You have to understand . . . we’d sailed to Catalina countless times during our sixteen-year marriage, but I was not a good sailor. I hid below at the first hint of rough seas, and had always been too scared to learn more than rudimentary sailing skills. Besides, I still had lingering doubts about spending all that time with my ex. “Oh, relax,” he said. “Nothing’s gonna happen.” I look back now and I think, oh, something happened all right . . . and I can’t tell you how many times I wished I’d just said no.

But I felt bad . . . I didn’t want to spoil the weekend for my daughter and her friend, and even her dad. But as an extra bit of protection, a buffer, I called my brother David and convinced him to come along. He drove from Pasadena to the Marina while we went shopping for provisions, and by the time we motored into the channel it must have been after three. Steve taught David, who’d never been on a sailboat, how to help him raise the sails, and we took off.

It was a perfect day. Warm, but not too hot, clear . . . and then the dolphins came. They surrounded the boat. And it was magical . . . dozens of smooth, brown-skinned escorts diving in and out of our wake. Steve got his camera and videotaped the whole thing. And in my usual, anxious way I yelled at him and the girls to hang on. “Don’t lean over,” I said. “You’ll fall in.” But they didn’t, and Steve—in words that annoyed me at the time but today make me very proud—told me to stop being a Jewish mother. “Oh, relax,” he said. “Nothing’s gonna happen.”

So I did what I always did on a boat when I got nervous. I went to sleep. And when I woke up, the dolphins were gone and I heard the familiar sound of Celine Dion singing her number-one hit that year, the theme from Titanic.

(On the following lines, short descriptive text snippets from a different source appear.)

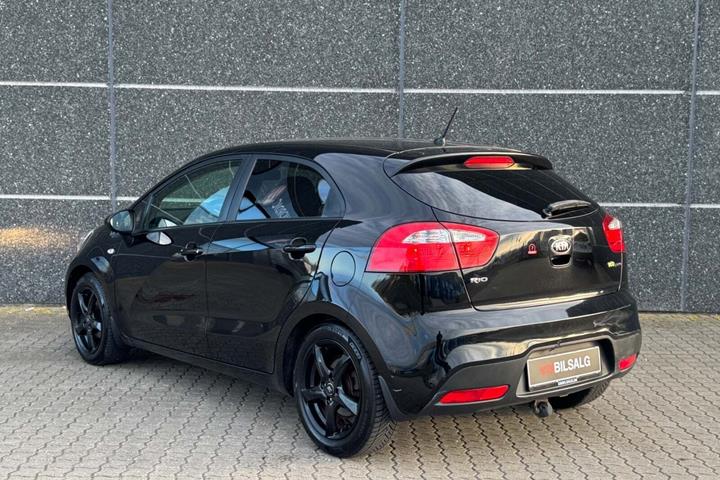 Sort Kia Rio fra 2014
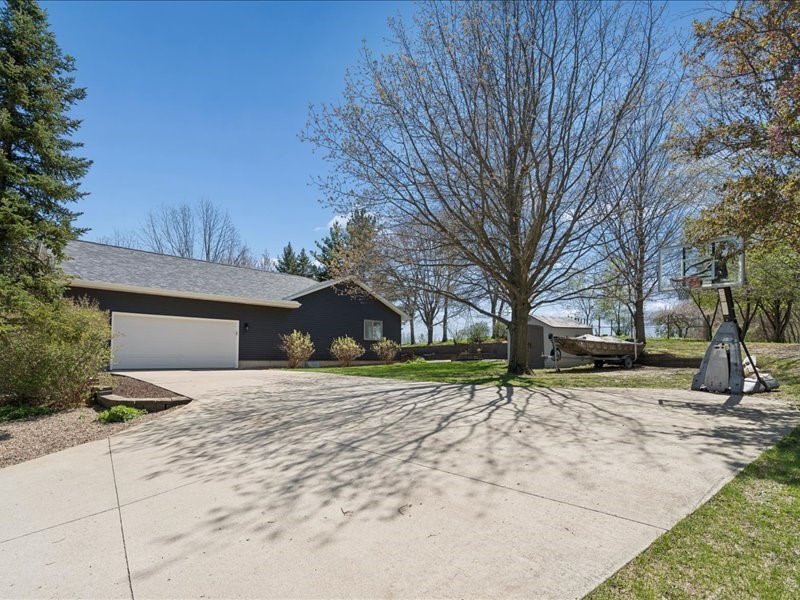 2698 Hidden Valley Trail NE Solon IA 52333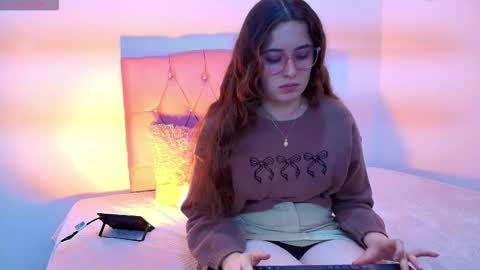 kalyth_miller online show from January 14, 12:59 am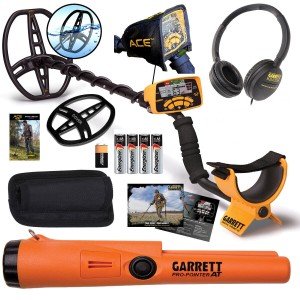 Garrett ACE 400 Metal Detector with Waterproof Pinpointer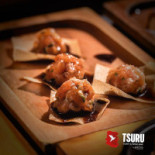 Tsuru Sushi Wine Comida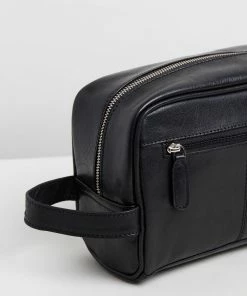 Double Oak Mills George Leather Washbag Black -Men's Travel and Luggage http3A2F2Fstatic.theiconic.com .au2Fp2Fdouble oak mills 3380 071988 4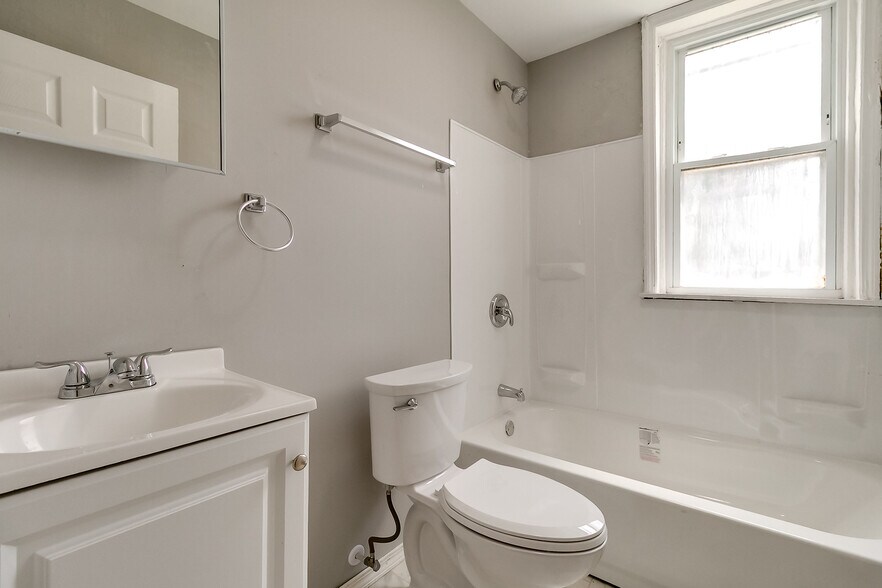 More Photos Of 1402 Granville Pl, Saint Louis Apartments For Sale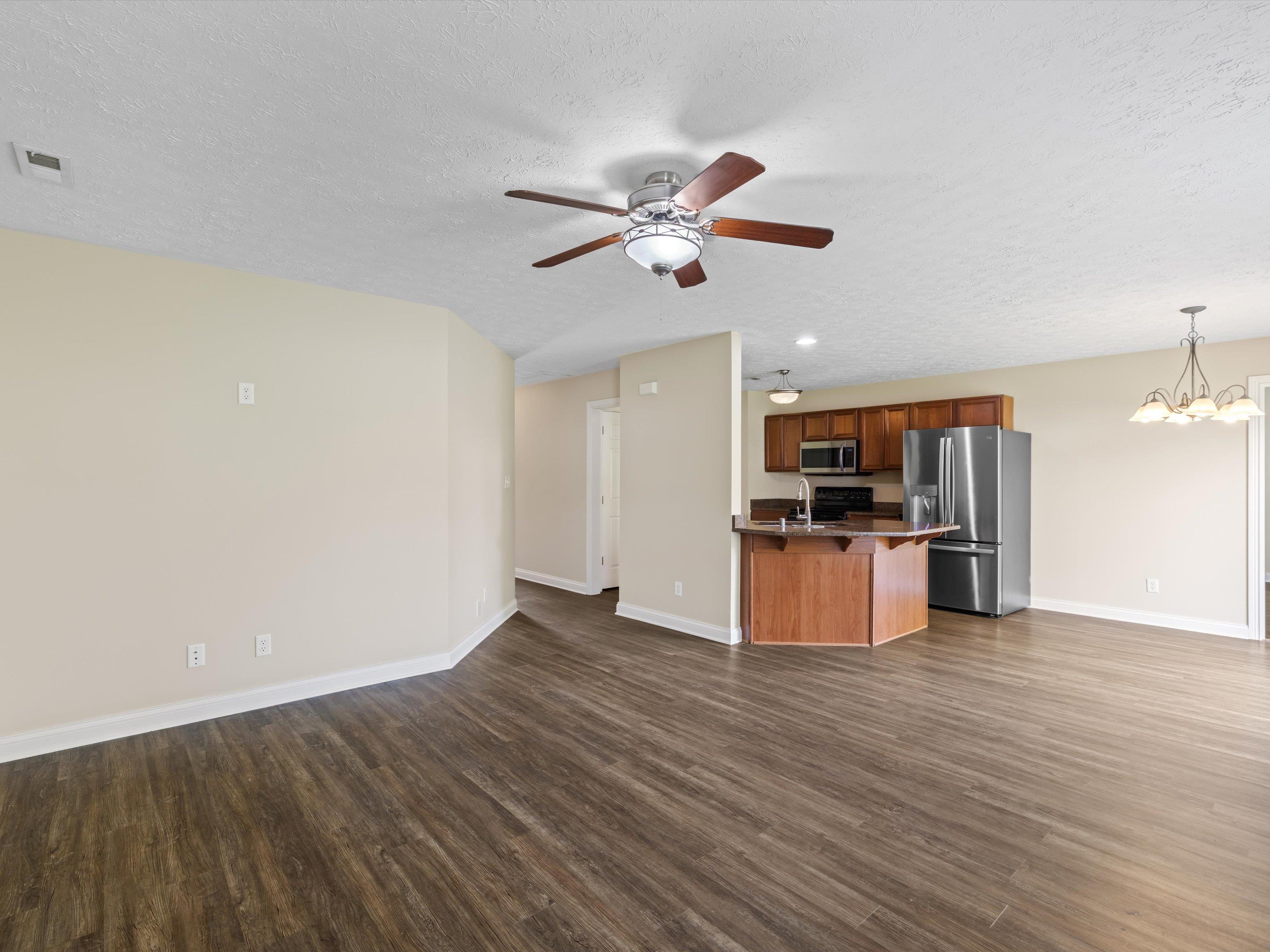 Owensboro, Kentucky 42303, 4 Bedrooms Bedrooms, ,2 BathroomsBathrooms,Single Family Residence,For Sale,92144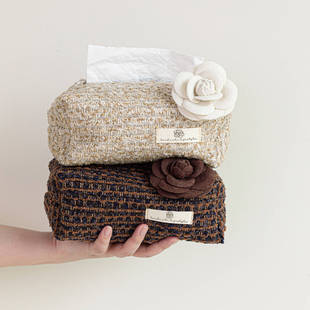 French-Style Camellia Tissue Box for Living Room Coffee Table Decoration, Light Luxury High-End Desktop Storage Tissue Bag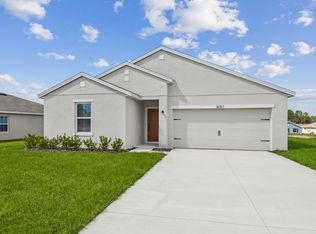 8257 W Eldron Pl, Citrus Springs, FL 34434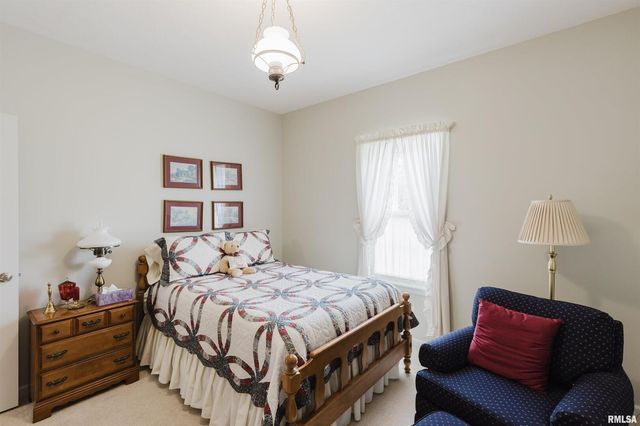 8511 KNOX Road, West Frankfort, IL 62896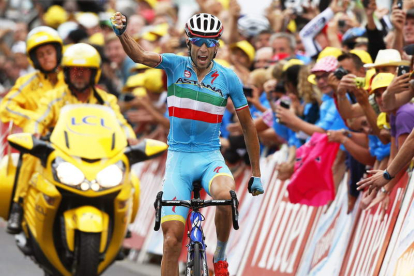 Vincenzo Nibali celebra la victoria de etapa.
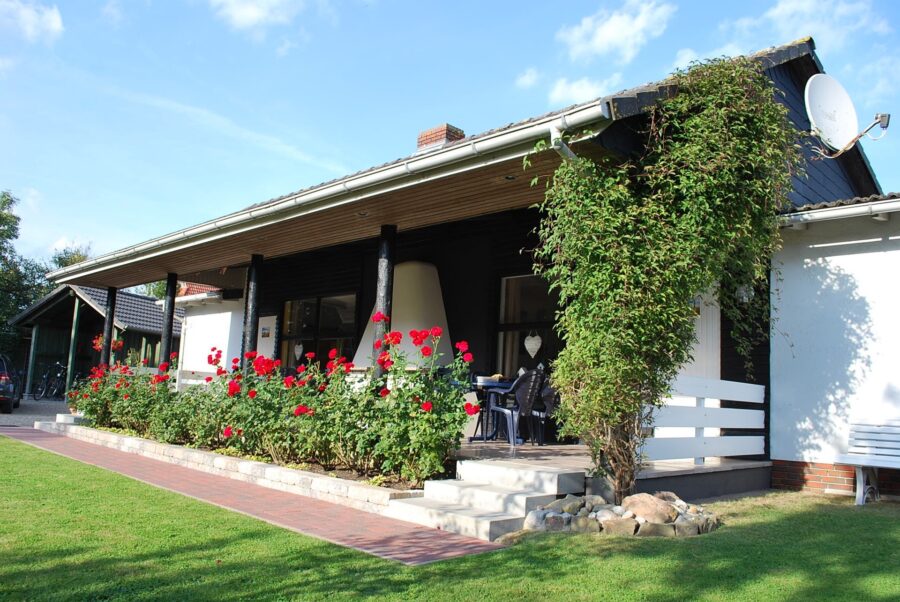 Ferienhaus-Ensemble in Traumlage – Ihr privates Paradies an der Nordsee mit Top-Rendite - Vorderansicht (35559)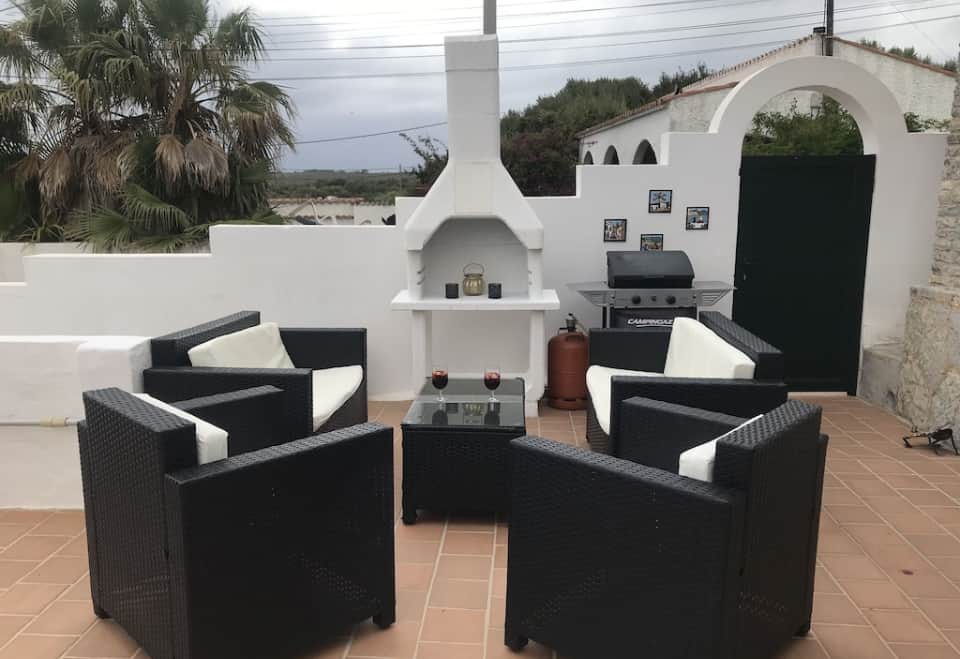 Las Amapolas - Pool Terrace and BBQ
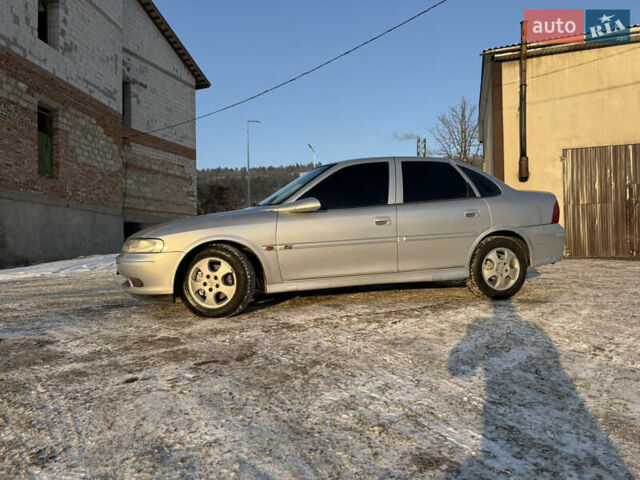 Бежевый Опель Вектра, объемом двигателя 2 л и пробегом 415 тыс. км за 2800 $, фото 6 на Automoto.ua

Our daughter was laughing at her dad, yelling at him to turn it off—she didn’t want to hear music about a shipwreck. And her father reassured her in exactly the same words and tone he’d used with me. “Relax,” he said. “Nothing’s gonna happen.”

We knew it was getting late. That by the time we got to the island we’d be anchoring in the dark. Steve decided it was better to lower the sails now, before sunset, while he still had light. And what an unbelievable light it was—distinct rays streaming through the clouds like fingers, reaching out to touch us. “Look at that,” I said, “you can see the hand of G‑d.” And believe me, between the dolphins and the light . . . even for a skeptic like me . . . G‑d was on that journey.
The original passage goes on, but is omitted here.